4月初旬、晴天に恵まれ、大雪旭岳に登り、頂上からの滑降を楽しんだ。パックされた新雪、風でクラストした氷面、露出した石・岩面が入り乱れる。夏道に沿って登り、スキーは北斜面から裾合平へと滑った。
地獄谷の噴気は冷えた日ほど大きく白く立ち昇る。
7合目まではスキー・シールで登り、クラスト斜面ではスキーをはずしアイゼンを装着して登った。
7合目を過ぎた稜線上は次第に風が強まり、ときどき体が浮き上がる感覚があった。頂上での姿は、笑っているのではなく、風で体が後ろに持っていかれて、悲鳴を上げたところ。

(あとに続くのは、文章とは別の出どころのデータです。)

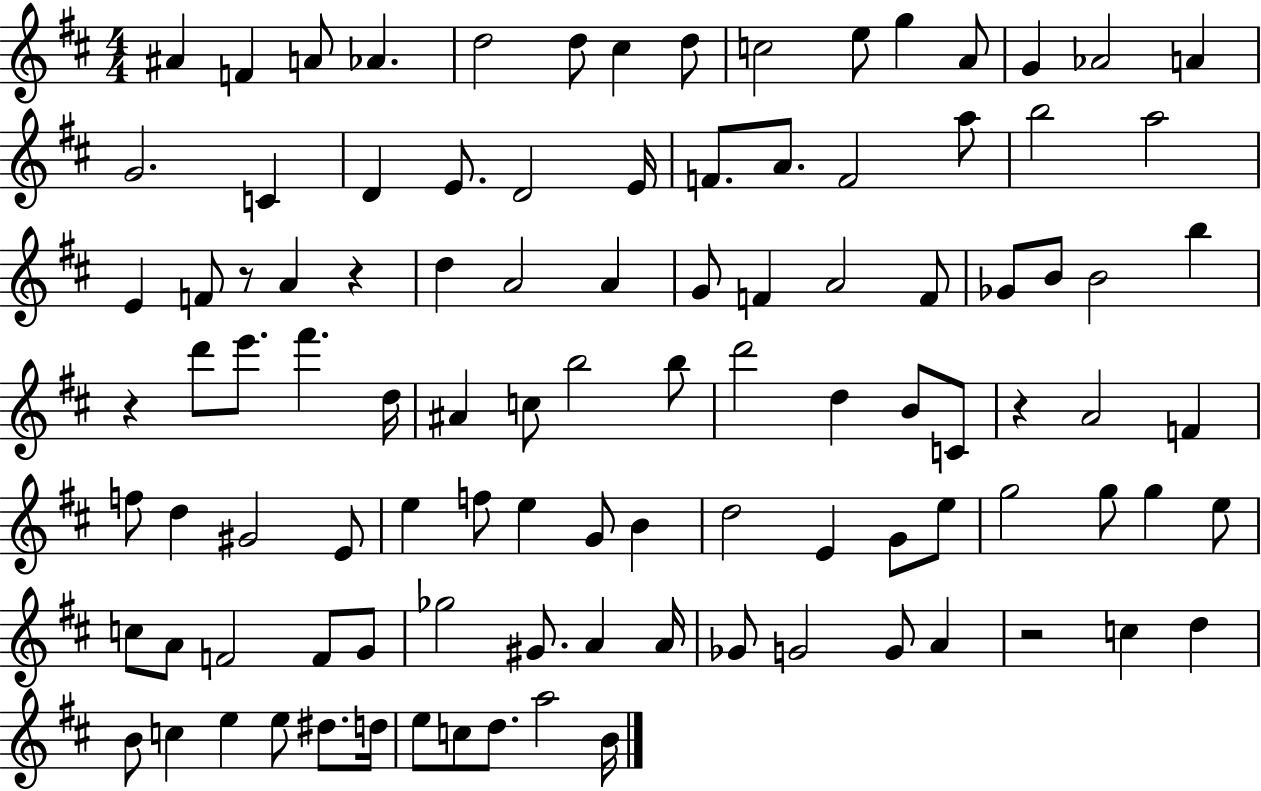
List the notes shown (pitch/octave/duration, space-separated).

A#4/q F4/q A4/e Ab4/q. D5/h D5/e C#5/q D5/e C5/h E5/e G5/q A4/e G4/q Ab4/h A4/q G4/h. C4/q D4/q E4/e. D4/h E4/s F4/e. A4/e. F4/h A5/e B5/h A5/h E4/q F4/e R/e A4/q R/q D5/q A4/h A4/q G4/e F4/q A4/h F4/e Gb4/e B4/e B4/h B5/q R/q D6/e E6/e. F#6/q. D5/s A#4/q C5/e B5/h B5/e D6/h D5/q B4/e C4/e R/q A4/h F4/q F5/e D5/q G#4/h E4/e E5/q F5/e E5/q G4/e B4/q D5/h E4/q G4/e E5/e G5/h G5/e G5/q E5/e C5/e A4/e F4/h F4/e G4/e Gb5/h G#4/e. A4/q A4/s Gb4/e G4/h G4/e A4/q R/h C5/q D5/q B4/e C5/q E5/q E5/e D#5/e. D5/s E5/e C5/e D5/e. A5/h B4/s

頂上は長くとどまる所ではなかった。数枚の写真を納めてすぐにスキーを装着。地獄谷の劣悪な斜面を避けて、新雪が残る北斜面から裾合平に向かって滑り降りた。
裾合平で衣子が急に私を呼びとめた。
衣子の視線の先に、
純白のエゾウサギがいた。
姿見の池周辺まで降りると風はまた穏やかとなり、地獄谷を望みながら、のんびりと春の日差しを楽しんだ。